La portata storica dell’Accordo di Parigi del 2015 non aveva a che fare solo con il numero dei Paesi coinvolti e con l’ambizione degli obiettivi di contenimento delle temperature, ma anche con il riconoscimento di un inedito percorso a tappe per raggiungerli.
Elemento centrale di questo percorso sono gli NDC (Nationally Determined Contributions), cioè i singoli piani di riduzione delle emissioni degli oltre 190 firmatari dell’Accordo. I mattoncini che compongono il mosaico, che prende il nome di Global Stocktake e che misura quanto fieno c’è in cascina.
In questo senso, la Conferenza delle Parti delle Nazioni Unite sul clima di quest’anno (COP30) è particolarmente importante, per almeno tre motivi. Intanto perché è la prima che si svolge in un Paese dove è possibile manifestare dopo la tripletta delle autrocrazie fossili Egitto-Emirati Arabi Uniti-Azerbaijan che hanno ospitato le ultime tre COP. In secondo luogo per la sua forza simbolica, dal momento che – come voluto da Lula – si terrà a Belem, alle porte dell’Amazzonia brasiliana. Il terzo e più importante motivo è che, essendo passati 10 anni dall’Accordo di Parigi, non si potrà più negoziare a carte coperte.
Solo che, alla data di scadenza del 10 febbraio 2025 entro cui presentare i propri NDC, poco più di 10 Paesi l’hanno fatto: Brasile, Uruguay, Ecuador, Emirati Arabi Uniti, Svizzera, Singapore, Nuova Zelanda, Regno Unito, Isole Marshall, Andorra, Santa Lucia, Zimbabwe e – prima che si insediasse Donald Trump – anche gli Stati Uniti. 182 Paesi mancano all’appello.
Guterres: “Basta guardare Los Angeles per capire la crisi climatica”
Questa negligenza fa parte di una più ampia cornice di perdita di interesse e fiducia nei sistemi di governance globale e nelle Nazioni Unite, che ne sono la sua massima espressione. L’attacco più forte alle UN, al momento arriva proprio dai Paesi Occidentali e dai loro alleati. Dagli Stati Uniti e dal loro ritiro dalla cooperazione in sede UN per i diritti umani (UNHRC), per la sanità (OMS) e per il clima (Accordo di Parigi). Da Israele, che ha dichiarato il Segretario Generale delle UN Guterres “persona non gradita”, che ha quasi ucciso il Direttore Generale dell’OMS Ghebreyesus e che ha messo al bando l’UNRWA, in violazione della Convenzione Generale sui Privilegi e le Immunità delle Nazioni Unite. Dall’Argentina, che ha preso la decisione senza precedenti di ritirare la propria delegazione dalla COP29 sul clima di Baku. E dall’Unione Europea, che non ha presentato il suo piano aggiornato di riduzione delle emissioni e che si costringe all’irrilevanza anche sull’umico tema su cui toccava palla, il clima.
Spesso le Nazioni Unite vengono raccontate come un’entità che ci guarda dall’alto e che è incapace di rimediare ai disastri dei nostri governi. La realtà è che le Nazioni Unite non sono niente di più e niente di meno della somma delle posizioni politiche dei Paesi – quasi tutti quelli del mondo – che ne fanno parte.

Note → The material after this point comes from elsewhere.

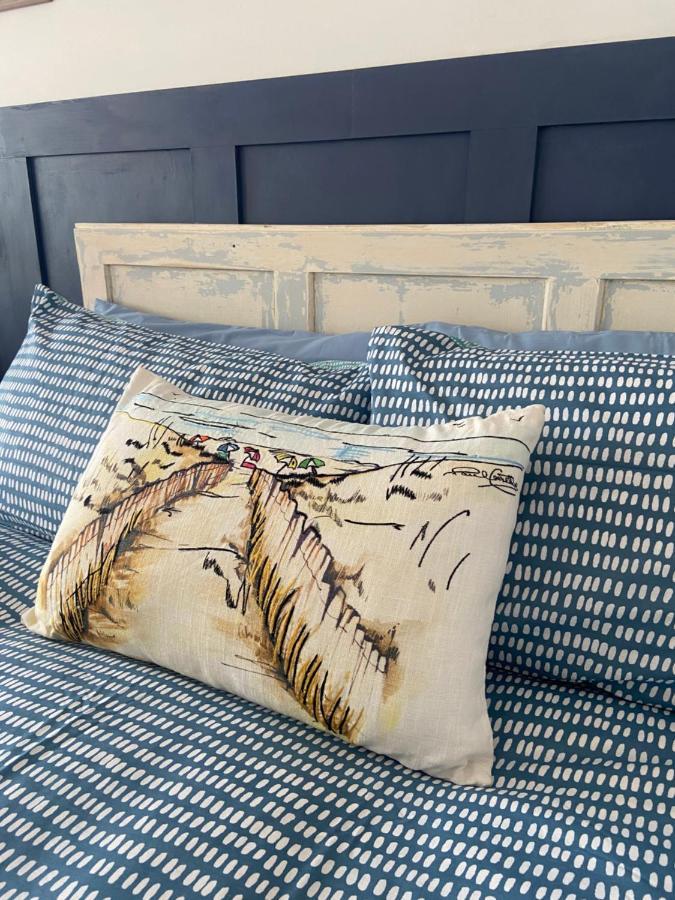 ترالي Barrow Harbour Studio Apartment المظهر الخارجي الصورة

Eppure, nonostante i vari Trump, Netanyahu, Milei, Meloni, le UN tengono ancora la barra dritta, anche grazie ai Lula, Sanchez, Sheinbaum, Mottley.

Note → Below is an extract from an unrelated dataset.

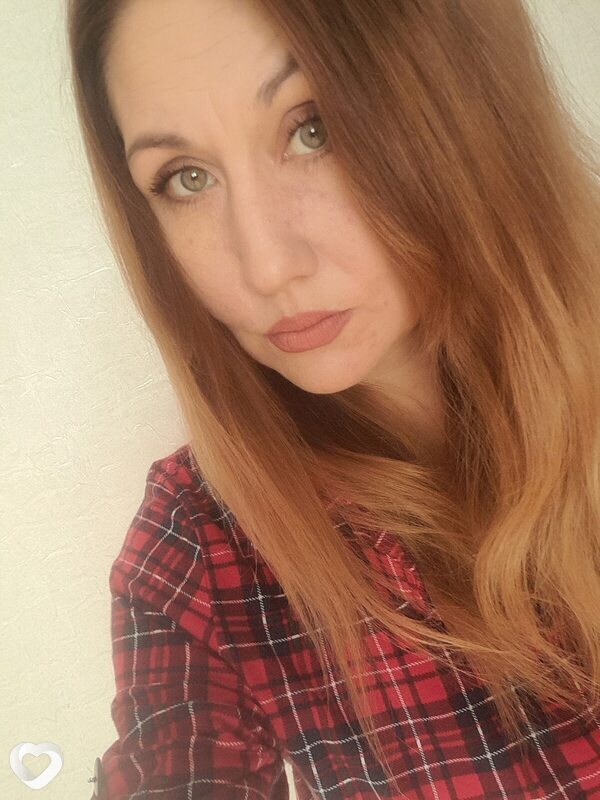 Elli, 39, Ижевске — анкета №3765035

In Italia si scrive spesso che per fortuna ci è rimasta ancora una guida saggia, lungimirante, progressista, anche se anziana. È vero. Ma non è il Papa, è il Segretario Generale António Guterres. Sulla carta sarebbe l’uomo più potente al mondo, nella pratica è quello più ignorato. Guterres sa essere al contempo coraggioso e diplomatico su tutti i fronti: dall’Ucraina a Gaza, dal Sudan al Congo, dalla pandemia al clima. Ora che sappiamo anche che gennaio 2025 è stato il mese più caldo di sempre e che “siamo sulla strada per l’inferno climatico con il piede schiacciato sull’acceleratore” forse, forse, dovremmo ascoltare Guterres e credere nelle sue, nostre, Nazioni Unite un po’ di più.